Como se não bastasse,
ainda vivemos em uma sociedade que busca tornar patológico o ser velho, velha e
ainda mais velhes, pensando na perspectiva de gênero e que poderia ser ainda mais
ampliada quanto a sua orientação sexual.
São milhares de
profissionais e empresas prometendo a jovialidade, a negação dos cabelos
grisalhos, da pele enrugada, da postura um pouco mais curvada. Houve um
episódio do grupo Portas dos Fundos cuja cena mostrou uma pessoa idosa tratada
de forma infantilizada, como que seus comportamentos tivessem que
ser acompanhados por uma pessoa adulta.
E o que isso nos
mostra? Cenas de idadismo, etarismo, ageísmo. E isso constitui o olhar da
sociedade sobre a pessoa velha e também dela sobre ela mesma. E tudo isso
repercute também nas diversas áreas da nossa vida: trabalho, conjugalidade,
aprendizado e lazer, por exemplo. Para o Porta dos Fundos, por que não incluir
atores e atrizes mais velhas no seu elenco fixo?
Negamos o que é muito
evidente. Já parou para perceber que boa parte dos nossos presidentes eram
velhos quando assumiram o cargo ou tornaram-se velhos enquanto estavam na
gestão do país? Mas quantos defenderam a bandeira em defesa dos direitos da
população idosa?
Por que incomoda tanto "a musa" de uma certa década agora ter envelhecido e não mais trazer uma imagem jovial? Por que ainda queremos elogiar as pessoas dizendo que elas parecem mais jovens do que a idade que possuem? No Brasil, o velho ou a velha é sempre a outra pessoa.

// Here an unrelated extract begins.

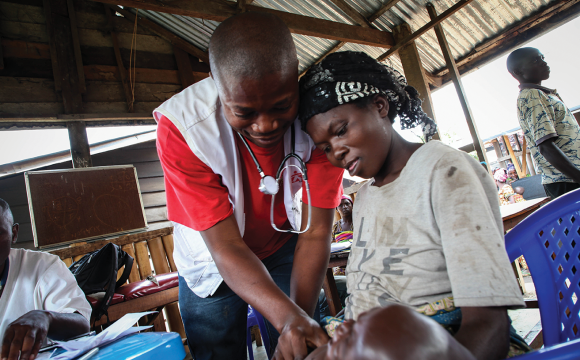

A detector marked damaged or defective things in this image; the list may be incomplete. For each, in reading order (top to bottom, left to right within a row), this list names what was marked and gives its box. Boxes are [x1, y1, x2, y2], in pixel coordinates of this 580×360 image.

rusty roof sheet [130, 0, 556, 76] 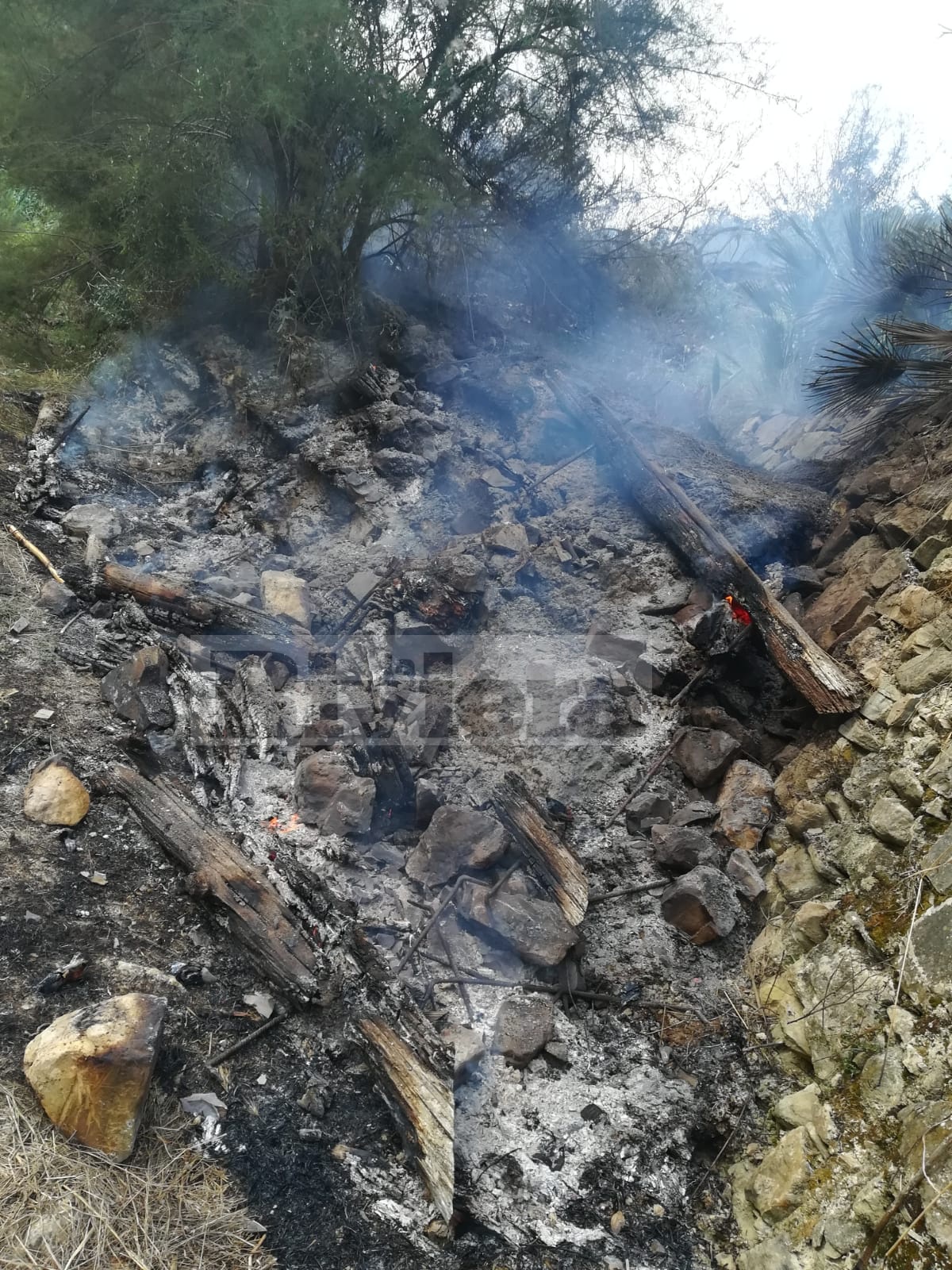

Estamos a todo momento praticando um pouco ou muita discriminação contra a pessoa idosa ou negando o fato de que envelhecer é uma conquista da sociedade, uma oportunidade para se fazer muito para si e para outras tantas pessoas. É um momento ainda de crescimento pessoal, de novos relacionamentos, de novos projetos, de novas descobertas. Na cultura do Mali, um país do continente africano, há um provérbio que diz que "cada ancião que morre é uma biblioteca que se queima".
A velhice é desigual
para muitos idosos e idosas negras e indígenas que morrem precocemente, sem
usufruir dessa fase da vida, sem nos contemplar com seus ensinamentos, sem
escrever mais páginas das suas histórias, sem nos ajudar a fazer um mundo
melhor.
Quem é a velha ou o velho aqui? A escolha é sua. A construção ou redefinição dos termos é nossa. Velho pode ser uma qualidade positiva para um bom vinho, para um conhecimento atemporal, para amizades duradouras, para enaltecer uma árvore frondosa, um rio que nunca deixou de abastecer gerações de pessoas de um povoado, é uma profissional extremamente competente no que faz e que alia prática com conhecimentos, é uma obra de arte como um quadro ou uma obra arquitetônica do Egito.
Enfim, ser velho ou velha pode ser bom. Na dúvida, chame pelo nome. Isso sintetiza a coluna de hoje.